= Ko Kwat Tiong =

Ko Kwat Tiong Sia (1896–1970), known as Mr. Ko Kwat Tiong and later Mohamad Saleh, was a prominent Indonesian politician, lawyer, civil servant and university lecturer. He was elected to the Volksraad (the colonial legislature) in 1935 as a representative of the Partai Tionghoa Indonesia (PTI: the 'Chinese-Indonesian Party'), and – after Independence in 1945 – headed the Balai Harta Peninggalan (the ‘Public Trustee Office’) in Central Java until retiring in 1960.

==Biography==
===Family and early life===
Ko was born in 1898 in Parakan, Central Java, to the town's Luitenant der Chinezen, Ko Djie Soen (in office from 1893 until 1898), and as such into a Peranakan family of the ‘Cabang Atas’ gentry. The Chinese lieutenancy was a post in the colonial civil administration (the Bestuur over Vreemde Oosterlingen) with political and legal jurisdiction over the local Chinese community; by Indies custom, as the son of a Chinese officer, Ko Kwat Tiong bore the hereditary style of Sia. Ko was brought up by his much-older brother, the prominent businessman and community leader Ko Kwat Ie, who founded the eponymous cigar factory in Magelang, Central Java.

Ko attended the Europeesche Lagere School (ELS) in Magelang and the Hogere Burgerschool (HBS) in Semarang; both institutions only admitted elite European students and a very small number of select non-Europeans. At the HBS, he founded a western-style club, named ‘Djien Gie Lee Tie Sien’ after the five Confucian virtues, which Ko – conversant only in Malay, Dutch, Javanese and European languages – studied in western translations of the Chinese classics.

===Early career and Leiden===
Instead of going to university in Europe, as originally planned, Ko was forced because of World War I to postpone his studies. He worked as a journalist in Yogyakarta for Palita, a local newspaper, then at the Escompto Bank (now Bank Dagang Negara). It was only in 1920, together with his first wife Lie Giok Ing, that Ko finally left for the Netherlands to study law at Leiden University.

While in Leiden, Ko joined Chung Hwa Hui Nederland, a Peranakan student association, and socialised in elite Peranakan student circles. He did, however, also associate with indigenous Indonesian students, such Sartono, Sastromoeljono, Besar Mertokoesoemo, Mochamad Soejoedi and Soenario who would all later feature prominently as leaders of the Partai Nasional Indonesia (PNI: the 'Indonesian National Party'), an influential political party in post-revolutionary Indonesia. Ko graduated in 1926, then returned to Java.

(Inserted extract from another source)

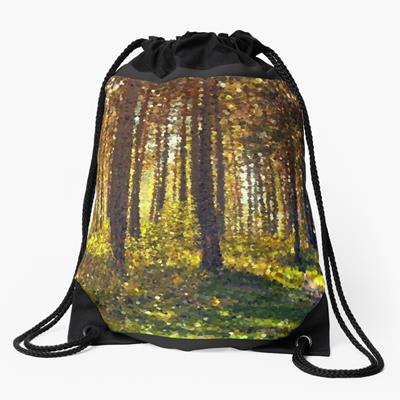 Autumn Forest Path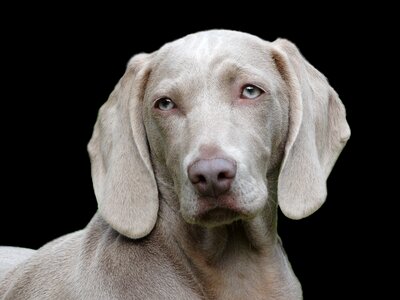 Canine portrait black dog photo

===Legal and political career===
Settling down in Semarang, Ko initially joined the law firm of his Leiden contemporary H. K. Jauw, a judge of the city's European Court. Later on, together with his nephew, near contemporary and Leiden alumnus, Ko Tjay Sing, Ko shared a legal bureau with their indigenous fellow Leiden law graduates. Through their association with Indonesians, the Ko men developed an affinity with, and sympathy for, the Indonesian nationalist movement. As a Freemason, Ko also believed in the fraternity and equality of all men.

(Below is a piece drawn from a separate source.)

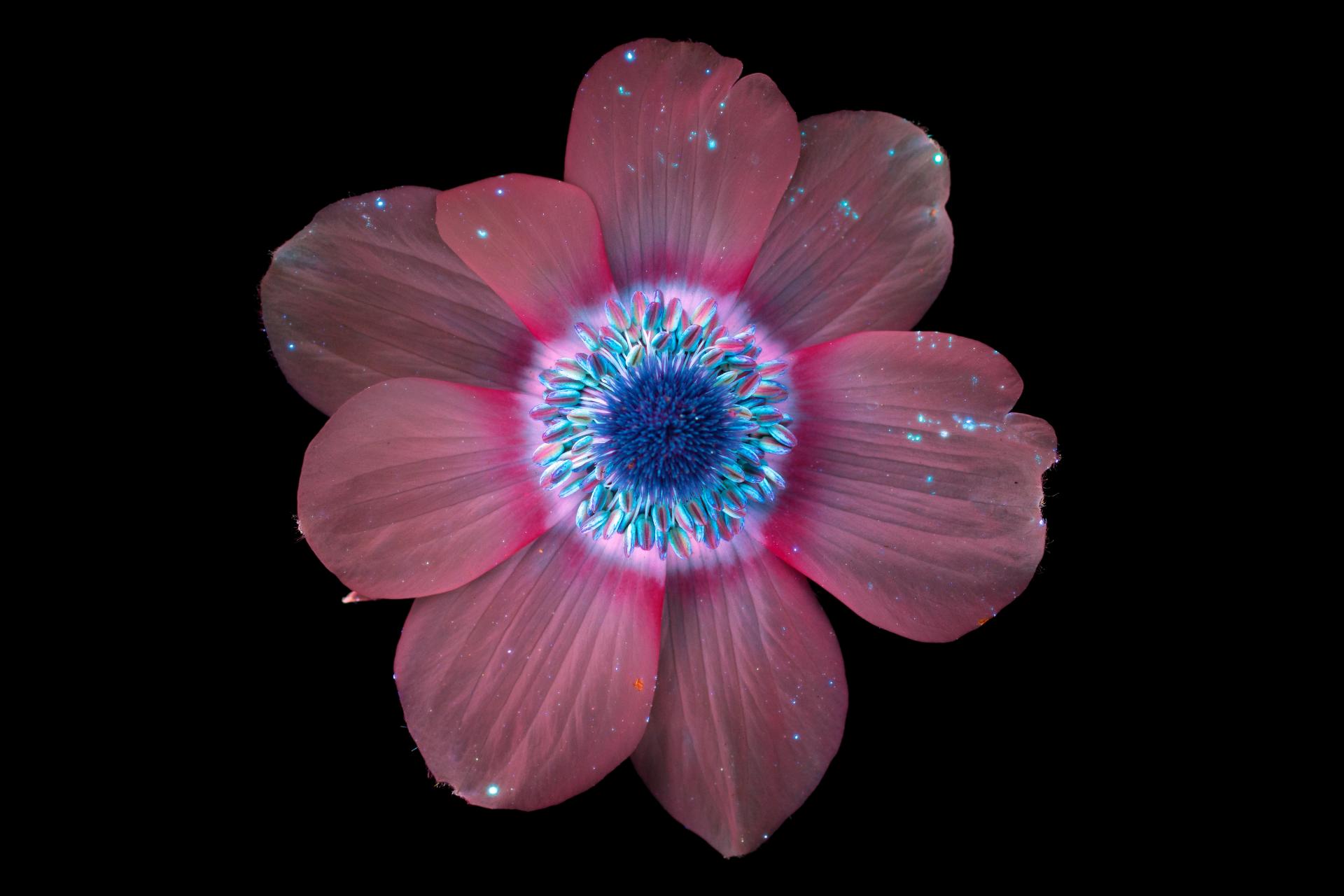 In conversation with photographer Craig Burrows - author of What The Bees See.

In 1928, when the political party Chung Hwa Hui (CHH) was founded as an affiliate of Ko Kwat Tiong's old Dutch student association, Ko immediately became a member. Unlike the so-called Sin Po group, which promoted loyalty to the pre-war Republic of China, CHH's political allegiance was to the Dutch East Indies as the homeland of the Indies-born Chinese-Indonesians. When it became clear, however, that CHH was dominated by entrenched interests of the Cabang Atas and ethnic Chinese conglomerates, led by the pro-Dutch patrician H. H. Kan, Ko resigned his membership and distanced himself from CHH.

When the leftwing newspaper man Liem Koen Hian founded the Partai Tionghoa Indonesia on 25 September 1932, Ko enthusiastically joined the new political outfit. At his own initiative, Ko set up PTI's Semarang branch on 9 October that year, acting as its chairman before being elected in 1934 as president of the party's central board in succession to Liem. The PTI fully supported the Indonesian nationalist movement and saw ethnic Chinese, like other ethnic groups in the Indies, as part of the emerging Indonesian nation. In 1935, as a representative of the PTI, Ko won a seat in that year's election to the Volksraad.

During his tenure in the nascent colonial legislature from 1935 until 1939, Ko campaigned for racial equality for all under Indies law, and for a more progressive labour law regime. In 1936, together with co-legislators Soetardjo Kartohadikoesoemo, Sayyid Ismail Alatas, I. J. Kasimo, Sam Ratulangi and Datoek Toemoenggoeng, Ko initiated and was one of the six signatories of the Soetardjo Petition, which was a request to Queen Wilhelmina of the Netherlands for Indonesian independence as part of a Dutch commonwealth under the Dutch Crown. On 19 September 1936, Ko gave a speech in support of the parliamentary motion, which was passed by the Volksraad, but refused by the Dutch and colonial authorities in 1938. In 1939, Ko – the Dutch-educated son of a Chinese officer – was elected chairman of the Federasi Perkoempoeloan Boeroeh Tionghoa (the ‘Federation of Chinese Labour Unions’), an ethnic Chinese trade union organisation.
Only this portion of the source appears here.